429 urn:ietf:params:acme:error:rateLimited: too many certificates (5) already issued for this exact set of identifiers in the last 168h0m0s

This is common during iterative cluster development where you destroy and recreate the cluster frequently.

Prevention:

Use Staging Issuer (Recommended): For development, use the Let’s Encrypt Staging environment which has much higher limits. The certificates won’t be trusted by browsers (you’ll see a warning), but it verifies the entire ACME flow works.

Update cluster-issuer.yaml (or create a separate staging issuer):
```
spec:
  acme:
    server: https://acme-staging-v02.api.letsencrypt.org/directory
```
Wait: The limit resets after 7 days from the first issuance.

Envoy Gateway Pod Stuck Pending

When restarting or rolling out Envoy Gateway pods, new pods may remain Pending.

Symptom: kubectl get pods -n envoy-gateway-system shows:

envoy-...-new   0/2   Pending   0   5m
envoy-...-old   2/2   Running   0   1h

Events show: 0/3 nodes are available: 1 node(s) didn't have free ports for the requested pod ports

This occurs because Envoy uses hostPort for ports 80 and 443. Only one pod can bind these ports on a node at a time, causing deployment rollouts to deadlock.

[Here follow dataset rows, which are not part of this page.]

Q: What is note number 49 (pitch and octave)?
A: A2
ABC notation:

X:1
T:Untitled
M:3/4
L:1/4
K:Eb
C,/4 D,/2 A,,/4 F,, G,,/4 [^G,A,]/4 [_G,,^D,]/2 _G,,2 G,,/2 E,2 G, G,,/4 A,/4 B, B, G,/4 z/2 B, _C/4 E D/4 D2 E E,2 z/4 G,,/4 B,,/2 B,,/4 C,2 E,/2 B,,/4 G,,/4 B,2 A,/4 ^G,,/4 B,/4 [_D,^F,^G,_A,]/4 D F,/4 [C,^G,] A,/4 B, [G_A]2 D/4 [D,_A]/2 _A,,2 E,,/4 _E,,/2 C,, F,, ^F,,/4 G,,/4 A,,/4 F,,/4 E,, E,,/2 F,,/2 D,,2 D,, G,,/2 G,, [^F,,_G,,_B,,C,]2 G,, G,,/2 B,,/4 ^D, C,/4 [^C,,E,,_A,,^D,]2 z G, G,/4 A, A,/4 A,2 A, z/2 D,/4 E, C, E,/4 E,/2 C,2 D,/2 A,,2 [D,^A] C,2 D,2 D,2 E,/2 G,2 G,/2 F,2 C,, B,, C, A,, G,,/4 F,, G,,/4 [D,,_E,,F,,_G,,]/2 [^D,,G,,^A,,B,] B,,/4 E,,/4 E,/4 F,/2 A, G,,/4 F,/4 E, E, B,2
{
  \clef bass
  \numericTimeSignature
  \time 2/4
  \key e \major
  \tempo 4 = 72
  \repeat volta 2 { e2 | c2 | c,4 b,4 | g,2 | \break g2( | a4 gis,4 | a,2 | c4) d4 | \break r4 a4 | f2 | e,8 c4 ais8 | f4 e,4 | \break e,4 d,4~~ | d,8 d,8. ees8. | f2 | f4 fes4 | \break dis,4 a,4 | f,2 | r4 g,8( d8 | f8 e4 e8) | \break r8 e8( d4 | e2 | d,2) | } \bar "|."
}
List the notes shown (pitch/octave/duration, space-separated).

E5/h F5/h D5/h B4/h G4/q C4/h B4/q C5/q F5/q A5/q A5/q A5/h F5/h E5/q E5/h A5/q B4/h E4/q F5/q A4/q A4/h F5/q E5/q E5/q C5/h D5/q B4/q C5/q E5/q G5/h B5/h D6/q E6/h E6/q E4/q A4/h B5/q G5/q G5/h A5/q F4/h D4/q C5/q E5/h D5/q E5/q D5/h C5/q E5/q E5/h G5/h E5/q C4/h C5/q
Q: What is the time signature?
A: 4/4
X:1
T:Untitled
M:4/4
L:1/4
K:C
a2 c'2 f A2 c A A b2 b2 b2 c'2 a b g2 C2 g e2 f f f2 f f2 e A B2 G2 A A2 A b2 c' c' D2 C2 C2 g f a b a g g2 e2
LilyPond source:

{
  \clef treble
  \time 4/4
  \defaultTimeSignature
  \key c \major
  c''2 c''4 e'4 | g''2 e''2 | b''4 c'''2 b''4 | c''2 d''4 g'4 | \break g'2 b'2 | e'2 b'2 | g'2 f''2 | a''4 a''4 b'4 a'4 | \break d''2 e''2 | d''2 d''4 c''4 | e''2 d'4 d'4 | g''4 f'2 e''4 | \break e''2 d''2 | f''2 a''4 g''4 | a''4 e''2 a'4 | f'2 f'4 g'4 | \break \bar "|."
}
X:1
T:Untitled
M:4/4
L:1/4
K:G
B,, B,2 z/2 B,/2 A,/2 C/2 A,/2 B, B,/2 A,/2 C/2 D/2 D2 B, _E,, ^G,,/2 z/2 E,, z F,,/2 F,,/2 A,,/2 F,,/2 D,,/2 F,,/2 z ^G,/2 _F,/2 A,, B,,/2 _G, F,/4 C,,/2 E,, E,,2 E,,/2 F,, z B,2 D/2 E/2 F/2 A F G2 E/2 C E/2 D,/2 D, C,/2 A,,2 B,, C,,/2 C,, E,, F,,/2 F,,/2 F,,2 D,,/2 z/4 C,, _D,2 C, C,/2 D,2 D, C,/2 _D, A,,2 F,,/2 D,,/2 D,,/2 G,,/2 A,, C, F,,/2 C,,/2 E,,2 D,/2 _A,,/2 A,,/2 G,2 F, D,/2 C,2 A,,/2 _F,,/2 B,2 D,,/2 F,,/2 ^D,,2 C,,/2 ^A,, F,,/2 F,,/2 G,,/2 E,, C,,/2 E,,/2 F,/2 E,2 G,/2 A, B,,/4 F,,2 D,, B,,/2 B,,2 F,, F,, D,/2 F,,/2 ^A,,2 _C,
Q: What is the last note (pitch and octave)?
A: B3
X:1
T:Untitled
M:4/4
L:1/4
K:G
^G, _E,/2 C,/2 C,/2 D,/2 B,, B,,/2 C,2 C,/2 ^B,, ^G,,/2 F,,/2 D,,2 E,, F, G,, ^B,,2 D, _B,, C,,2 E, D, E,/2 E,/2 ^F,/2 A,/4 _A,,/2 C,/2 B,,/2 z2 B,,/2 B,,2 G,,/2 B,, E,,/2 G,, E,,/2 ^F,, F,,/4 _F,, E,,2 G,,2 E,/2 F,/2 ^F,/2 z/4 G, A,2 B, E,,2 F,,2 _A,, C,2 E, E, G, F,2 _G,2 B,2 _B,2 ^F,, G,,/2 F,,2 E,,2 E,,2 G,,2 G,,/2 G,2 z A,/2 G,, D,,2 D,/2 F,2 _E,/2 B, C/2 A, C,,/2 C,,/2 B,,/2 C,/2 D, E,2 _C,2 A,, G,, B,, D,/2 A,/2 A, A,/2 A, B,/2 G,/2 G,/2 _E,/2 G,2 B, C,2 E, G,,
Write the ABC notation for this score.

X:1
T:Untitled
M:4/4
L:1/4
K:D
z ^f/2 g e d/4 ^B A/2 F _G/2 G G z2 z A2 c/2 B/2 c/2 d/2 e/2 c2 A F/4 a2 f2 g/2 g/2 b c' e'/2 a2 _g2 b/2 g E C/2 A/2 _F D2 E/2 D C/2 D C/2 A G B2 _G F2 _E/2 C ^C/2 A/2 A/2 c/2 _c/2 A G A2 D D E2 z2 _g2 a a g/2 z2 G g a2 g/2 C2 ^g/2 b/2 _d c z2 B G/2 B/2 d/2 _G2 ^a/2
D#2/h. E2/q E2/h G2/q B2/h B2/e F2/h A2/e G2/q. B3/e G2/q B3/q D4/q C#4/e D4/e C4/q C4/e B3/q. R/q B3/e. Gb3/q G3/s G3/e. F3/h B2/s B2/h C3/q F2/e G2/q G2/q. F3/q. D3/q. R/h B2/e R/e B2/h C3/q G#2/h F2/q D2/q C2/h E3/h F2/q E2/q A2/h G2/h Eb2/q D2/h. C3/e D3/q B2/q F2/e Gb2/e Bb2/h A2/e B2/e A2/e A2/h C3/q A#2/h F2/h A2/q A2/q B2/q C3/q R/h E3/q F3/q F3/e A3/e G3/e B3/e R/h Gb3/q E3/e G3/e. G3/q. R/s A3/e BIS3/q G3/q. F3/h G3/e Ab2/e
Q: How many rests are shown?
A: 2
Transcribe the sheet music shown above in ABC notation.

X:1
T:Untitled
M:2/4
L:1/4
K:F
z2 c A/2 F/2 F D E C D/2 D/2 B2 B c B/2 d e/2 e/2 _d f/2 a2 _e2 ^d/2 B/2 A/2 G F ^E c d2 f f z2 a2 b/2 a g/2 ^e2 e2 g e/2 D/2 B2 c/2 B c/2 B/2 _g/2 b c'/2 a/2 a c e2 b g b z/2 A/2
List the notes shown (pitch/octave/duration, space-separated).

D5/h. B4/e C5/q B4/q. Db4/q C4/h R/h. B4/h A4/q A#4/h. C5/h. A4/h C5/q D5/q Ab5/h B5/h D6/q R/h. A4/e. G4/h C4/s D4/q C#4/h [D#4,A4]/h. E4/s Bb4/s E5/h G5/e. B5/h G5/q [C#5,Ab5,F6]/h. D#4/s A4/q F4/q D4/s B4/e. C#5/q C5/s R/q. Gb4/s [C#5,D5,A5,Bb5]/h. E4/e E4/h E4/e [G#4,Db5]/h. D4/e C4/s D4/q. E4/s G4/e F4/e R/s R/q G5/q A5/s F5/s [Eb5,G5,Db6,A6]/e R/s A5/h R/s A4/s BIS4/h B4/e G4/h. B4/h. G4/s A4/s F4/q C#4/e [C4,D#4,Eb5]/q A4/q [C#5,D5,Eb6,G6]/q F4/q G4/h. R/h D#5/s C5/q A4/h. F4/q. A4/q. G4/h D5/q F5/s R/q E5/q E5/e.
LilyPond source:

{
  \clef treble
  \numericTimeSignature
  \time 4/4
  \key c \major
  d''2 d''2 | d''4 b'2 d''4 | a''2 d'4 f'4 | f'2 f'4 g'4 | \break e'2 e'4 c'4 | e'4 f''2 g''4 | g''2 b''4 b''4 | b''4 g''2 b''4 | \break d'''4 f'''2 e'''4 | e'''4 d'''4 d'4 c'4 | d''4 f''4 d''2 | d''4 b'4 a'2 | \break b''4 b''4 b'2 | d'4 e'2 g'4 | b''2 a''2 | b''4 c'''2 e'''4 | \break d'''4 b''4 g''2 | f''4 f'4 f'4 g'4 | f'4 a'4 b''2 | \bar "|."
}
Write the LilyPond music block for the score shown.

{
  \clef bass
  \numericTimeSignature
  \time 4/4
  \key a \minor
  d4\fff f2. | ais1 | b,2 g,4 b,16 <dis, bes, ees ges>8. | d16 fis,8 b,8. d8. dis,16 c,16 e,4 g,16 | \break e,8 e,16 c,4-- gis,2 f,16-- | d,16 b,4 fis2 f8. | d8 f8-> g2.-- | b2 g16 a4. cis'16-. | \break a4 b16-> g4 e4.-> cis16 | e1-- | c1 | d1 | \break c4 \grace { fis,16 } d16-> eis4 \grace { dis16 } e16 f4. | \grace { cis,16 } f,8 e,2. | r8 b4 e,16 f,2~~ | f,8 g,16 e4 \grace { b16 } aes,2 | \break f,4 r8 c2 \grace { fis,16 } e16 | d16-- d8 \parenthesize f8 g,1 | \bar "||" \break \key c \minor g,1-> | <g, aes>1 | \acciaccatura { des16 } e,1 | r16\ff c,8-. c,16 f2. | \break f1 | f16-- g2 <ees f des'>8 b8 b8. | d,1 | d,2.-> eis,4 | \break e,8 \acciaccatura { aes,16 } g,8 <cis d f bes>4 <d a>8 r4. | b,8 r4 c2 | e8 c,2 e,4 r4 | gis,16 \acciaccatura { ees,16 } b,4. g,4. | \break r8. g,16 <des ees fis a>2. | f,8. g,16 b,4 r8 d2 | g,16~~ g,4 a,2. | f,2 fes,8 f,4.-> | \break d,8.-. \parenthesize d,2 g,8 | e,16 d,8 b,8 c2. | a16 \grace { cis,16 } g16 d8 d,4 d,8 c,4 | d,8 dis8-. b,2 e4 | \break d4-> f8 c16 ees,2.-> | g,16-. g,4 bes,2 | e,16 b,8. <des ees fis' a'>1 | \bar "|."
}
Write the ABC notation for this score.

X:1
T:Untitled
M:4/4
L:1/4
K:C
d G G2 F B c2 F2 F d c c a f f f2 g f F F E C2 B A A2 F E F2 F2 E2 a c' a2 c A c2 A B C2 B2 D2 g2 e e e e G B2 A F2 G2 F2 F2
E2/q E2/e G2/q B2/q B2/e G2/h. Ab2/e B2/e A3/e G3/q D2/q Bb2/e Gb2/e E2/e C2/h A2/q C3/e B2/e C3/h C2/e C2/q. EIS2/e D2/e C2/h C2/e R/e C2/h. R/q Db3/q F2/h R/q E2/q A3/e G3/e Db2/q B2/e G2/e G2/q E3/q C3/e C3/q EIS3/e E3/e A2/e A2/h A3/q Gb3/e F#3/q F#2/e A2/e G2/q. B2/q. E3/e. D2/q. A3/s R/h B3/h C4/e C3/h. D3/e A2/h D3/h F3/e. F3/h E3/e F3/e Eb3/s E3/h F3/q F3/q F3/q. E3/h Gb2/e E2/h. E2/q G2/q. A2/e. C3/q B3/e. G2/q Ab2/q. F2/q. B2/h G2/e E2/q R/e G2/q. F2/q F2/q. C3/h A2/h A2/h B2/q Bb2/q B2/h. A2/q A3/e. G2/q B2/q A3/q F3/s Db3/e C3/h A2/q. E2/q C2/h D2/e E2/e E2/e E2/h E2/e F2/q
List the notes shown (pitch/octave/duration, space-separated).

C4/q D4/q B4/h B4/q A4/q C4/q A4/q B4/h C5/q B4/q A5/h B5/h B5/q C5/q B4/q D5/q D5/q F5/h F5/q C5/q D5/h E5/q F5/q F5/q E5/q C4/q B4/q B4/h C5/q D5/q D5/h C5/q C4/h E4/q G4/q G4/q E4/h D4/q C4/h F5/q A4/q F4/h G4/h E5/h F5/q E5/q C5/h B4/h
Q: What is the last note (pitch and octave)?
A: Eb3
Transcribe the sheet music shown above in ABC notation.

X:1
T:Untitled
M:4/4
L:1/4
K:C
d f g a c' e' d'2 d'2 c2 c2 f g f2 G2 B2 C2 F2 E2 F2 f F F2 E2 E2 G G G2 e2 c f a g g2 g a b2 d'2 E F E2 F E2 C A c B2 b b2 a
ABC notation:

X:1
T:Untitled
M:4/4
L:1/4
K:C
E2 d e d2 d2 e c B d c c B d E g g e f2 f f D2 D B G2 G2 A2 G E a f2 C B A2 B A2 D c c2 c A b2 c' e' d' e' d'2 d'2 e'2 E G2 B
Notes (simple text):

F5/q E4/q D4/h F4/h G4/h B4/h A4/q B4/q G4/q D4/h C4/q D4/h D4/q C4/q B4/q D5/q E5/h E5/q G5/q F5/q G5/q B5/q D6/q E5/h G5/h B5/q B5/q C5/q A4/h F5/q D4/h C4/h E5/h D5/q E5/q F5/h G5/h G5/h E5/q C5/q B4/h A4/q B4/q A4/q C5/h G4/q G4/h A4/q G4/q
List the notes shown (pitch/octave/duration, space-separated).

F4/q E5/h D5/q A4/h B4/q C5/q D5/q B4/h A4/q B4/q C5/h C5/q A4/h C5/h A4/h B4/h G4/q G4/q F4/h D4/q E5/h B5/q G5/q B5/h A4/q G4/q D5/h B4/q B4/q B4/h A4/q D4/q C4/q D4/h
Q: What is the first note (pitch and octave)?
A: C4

Fix: Delete the old pod to free the ports:

kubectl delete pod -n envoy-gateway-system <old-pod-name> --grace-period=10

The new pod will then schedule and start.

Note: This is expected behavior for hostPort deployments. The deployment strategy could be changed to Recreate instead of RollingUpdate to avoid this, but that causes brief downtime during updates.